Commander brings national issues to Minnesota
National Commander of the American Legion David Rehbein is spending a few days traveling in Minnesota to inform veterans of how their concerns are being handled in Washington, D.C.
Rehbein, a member of Ames, Iowa, Post 37, included Bemidji's Ralph Gracie American Legion Post in his northern Minnesota circuit.
He started the rounds Sunday in East Grand Forks, covered Warren, Mentor, Bagley and Baudette Monday and made stops in Big Falls, Blackduck, Bemidji, Deer River and Grand Rapids Tuesday. On Wednesday, he was scheduled to have breakfast at the Aitkin Post, midmorning coffee in Onamia, lunch in Milaca and supper in Cambridge before returning home.
"One of the leadership principles is to go out and visit your troops," Rehbein said during the Ralph Gracie Post stop. "We travel like this to let the folks know what's going on nationally with the American Legion."
He said a top priority issue among American Legion members is access to health care. Access has improved over the last decade, he said, but some veterans still have to travel several hours to reach a Veterans Administration health care facility. Such distances are especially hard on elderly World War II and Korean War veterans, he said.
"We're also hearing about support for our troops," Rehbein said, noting that many American Legion members wear the Blue Star indicating that a family member is currently serving in the military.
A Vietnam-era veteran who served with the 4th and 1st Armored Divisions in Germany from 1970-1971, Rehbein said the support for the troops is widespread and nothing like the negative attitude toward soldiers during the Vietnam War.
"We have to make sure that mistake doesn't happen again," he said.

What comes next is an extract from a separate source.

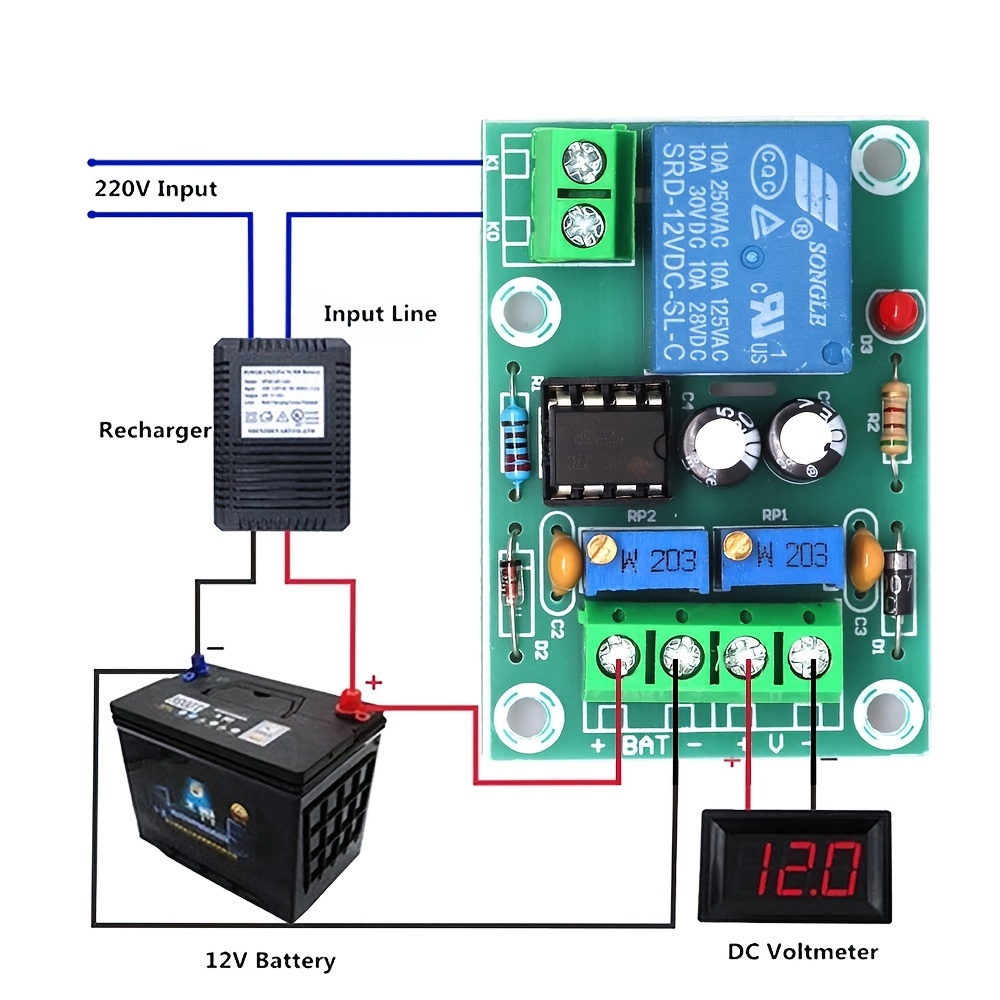 XH M601 Intelligent Charger Power Control Panel Automatic Charging Power 12V Battery Charging Control Board For DIY Kit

On the national level, Rehbein said American Legion members are pleased with President Barack Obama's budget, which increases funding for veterans' services by $5 billion over the spending this year. However, he said there was general disagreement with the president's plan to require that private health insurers pay for service-connected treatment. The opposition of the American Legion to that plan resulted in the president's withdrawal of the measure.
"And we have to make sure it stays withdrawn," Rehbein said.

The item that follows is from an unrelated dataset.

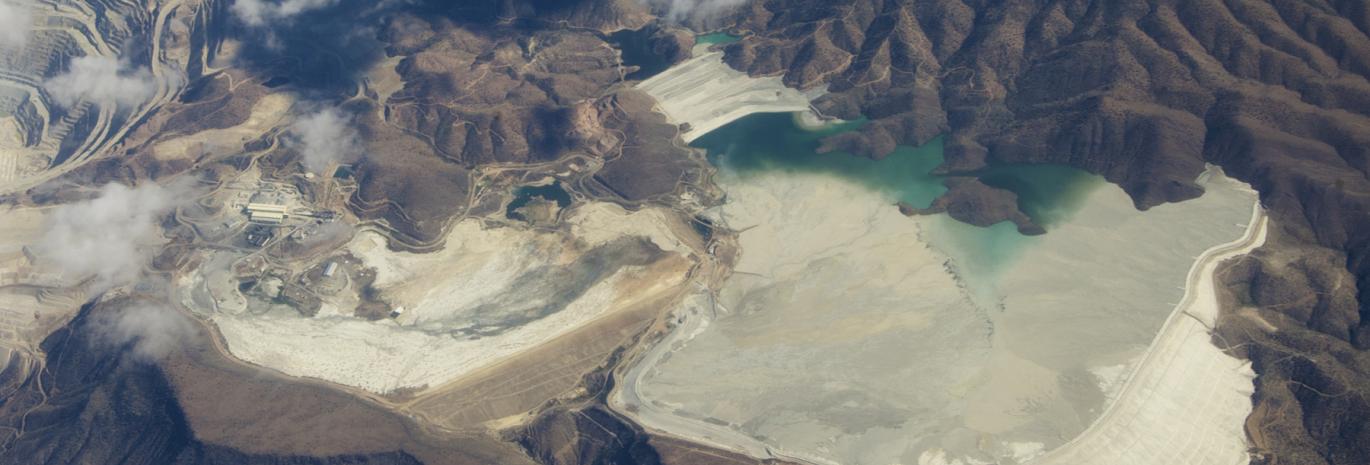 aerial view of tailing copper mining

Rehbein said the northern Minnesota tour is the first time he has visited this area. But he said American Legion members are alike in their dedication to community service and support.
"They don't talk enough about it," he said, adding that part of his mission is to raise the visibility of members' contributions.
The Minnesota American Legion has 102,000 members in nearly 600 posts statewide. The organization is dedicated to watching out for veterans' rights.
The American Legion was founded in 1919 in Paris by members of the American Expeditionary Force after World War I. It is based on the "Four Pillars" -- national defense, veterans, patriotism and youth services.